_TO DO_. Drop the images. Copy every line below character for character.

"""

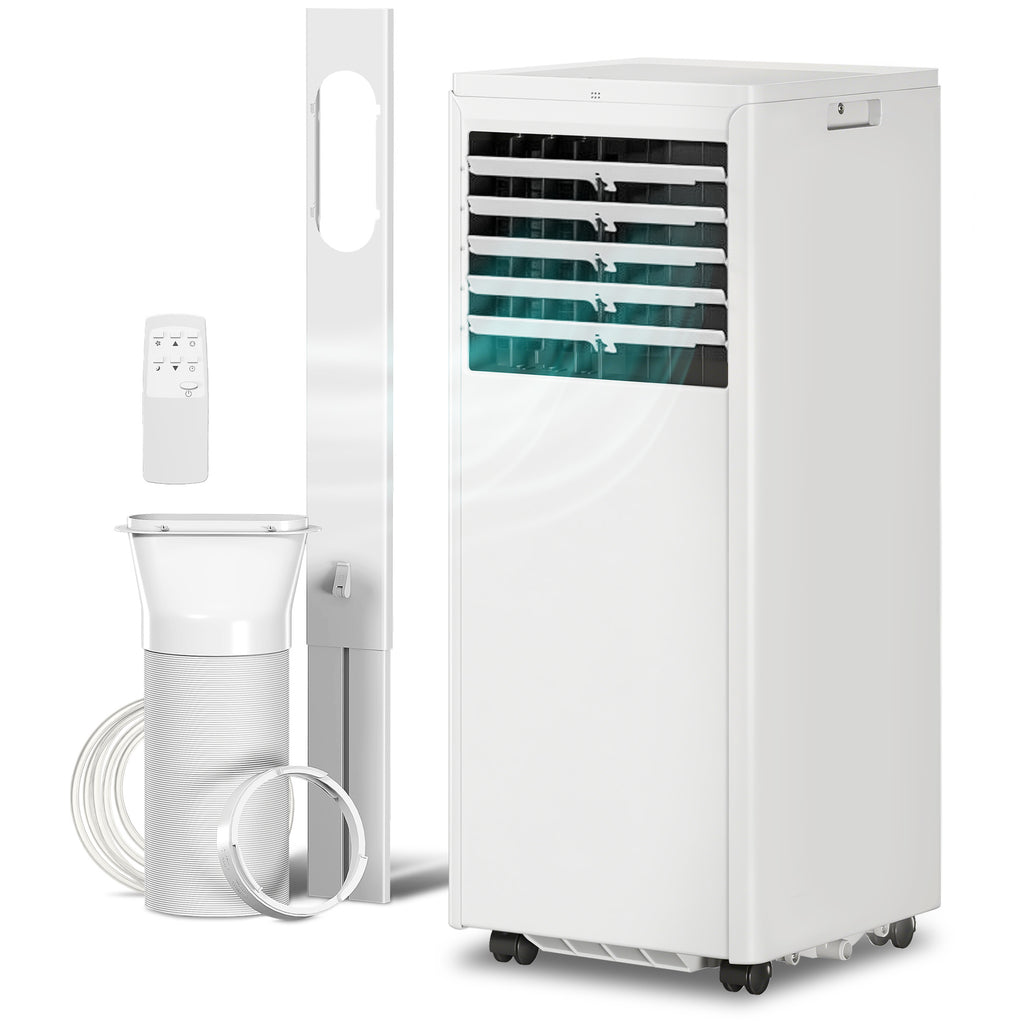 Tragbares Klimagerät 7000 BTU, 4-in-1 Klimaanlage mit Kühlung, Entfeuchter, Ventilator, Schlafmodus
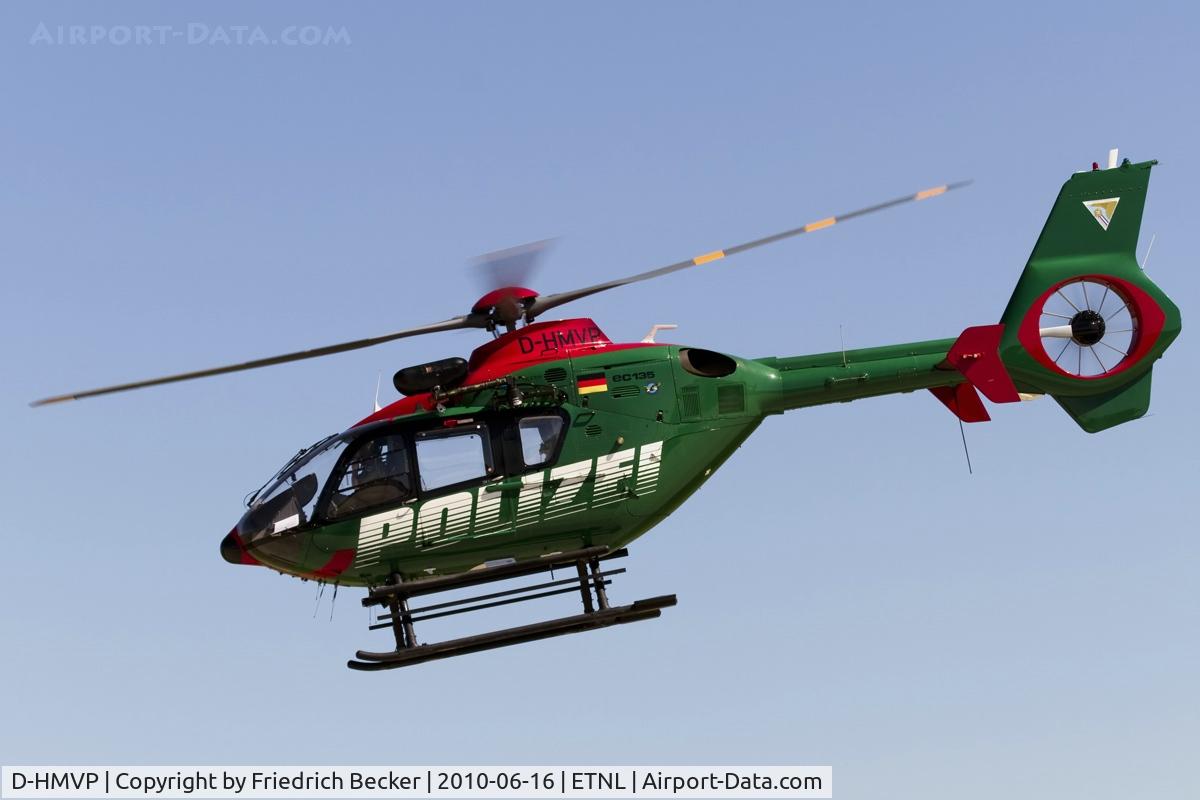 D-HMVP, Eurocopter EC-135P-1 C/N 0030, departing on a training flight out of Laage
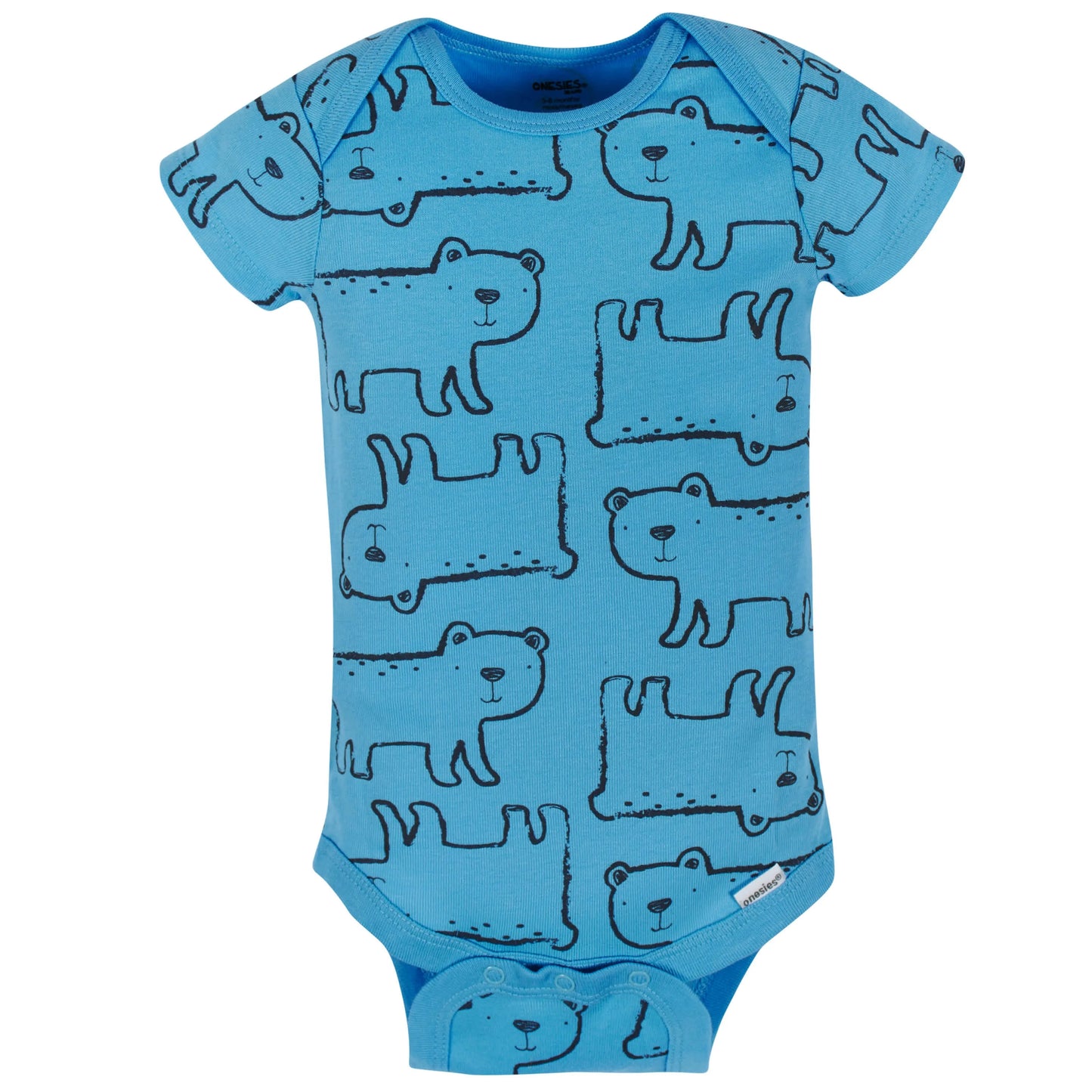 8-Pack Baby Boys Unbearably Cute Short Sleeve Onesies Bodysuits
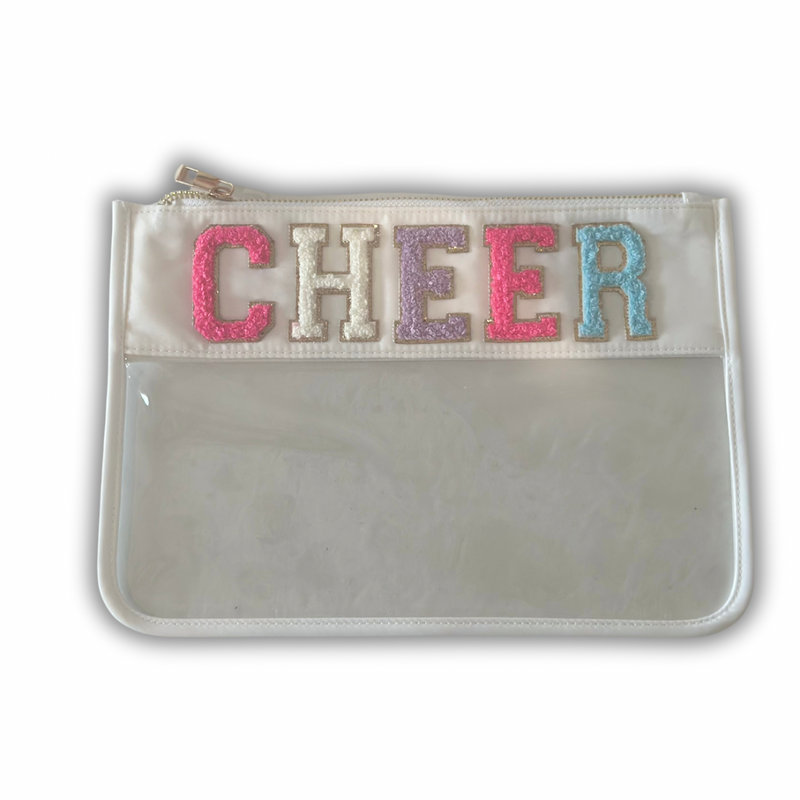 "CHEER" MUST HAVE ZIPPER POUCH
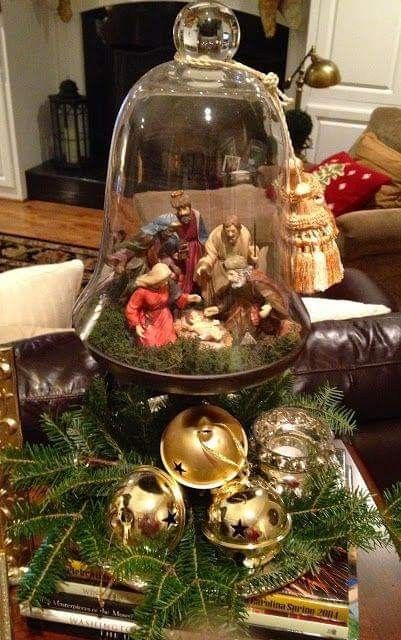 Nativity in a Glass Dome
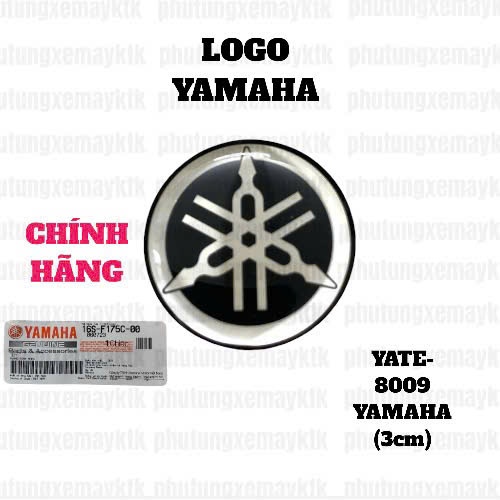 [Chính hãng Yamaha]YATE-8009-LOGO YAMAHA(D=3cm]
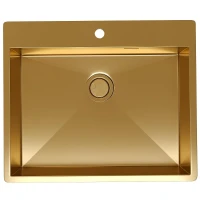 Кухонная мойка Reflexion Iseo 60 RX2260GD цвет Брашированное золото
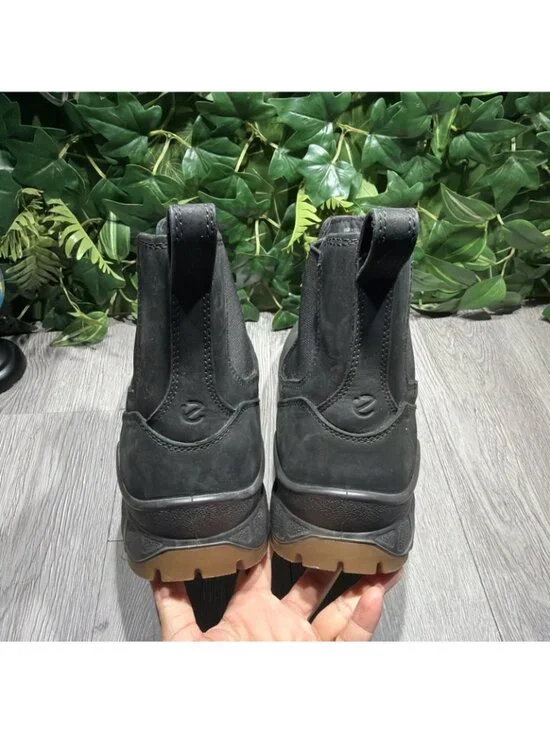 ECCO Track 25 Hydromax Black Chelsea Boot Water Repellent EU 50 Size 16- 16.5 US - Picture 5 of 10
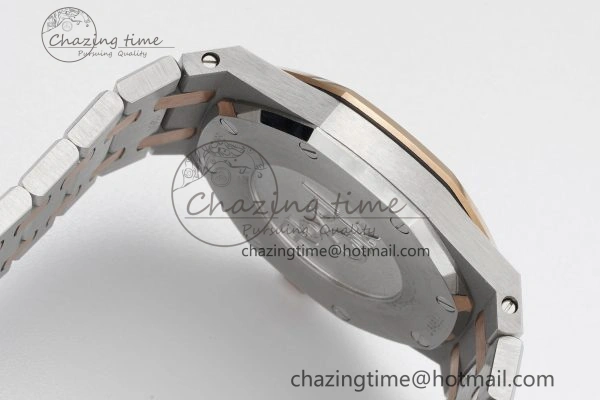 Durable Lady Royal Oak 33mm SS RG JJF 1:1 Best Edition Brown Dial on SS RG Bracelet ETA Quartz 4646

"""

_REPLY TO THE EXERCISE_.
 Tragbares Klimagerät 7000 BTU, 4-in-1 Klimaanlage mit Kühlung, Entfeuchter, Ventilator, Schlafmodus
 D-HMVP, Eurocopter EC-135P-1 C/N 0030, departing on a training flight out of Laage
 8-Pack Baby Boys Unbearably Cute Short Sleeve Onesies Bodysuits
 "CHEER" MUST HAVE ZIPPER POUCH
 Nativity in a Glass Dome
 [Chính hãng Yamaha]YATE-8009-LOGO YAMAHA(D=3cm]
 Кухонная мойка Reflexion Iseo 60 RX2260GD цвет Брашированное золото
 ECCO Track 25 Hydromax Black Chelsea Boot Water Repellent EU 50 Size 16- 16.5 US - Picture 5 of 10
 Durable Lady Royal Oak 33mm SS RG JJF 1:1 Best Edition Brown Dial on SS RG Bracelet ETA Quartz 4646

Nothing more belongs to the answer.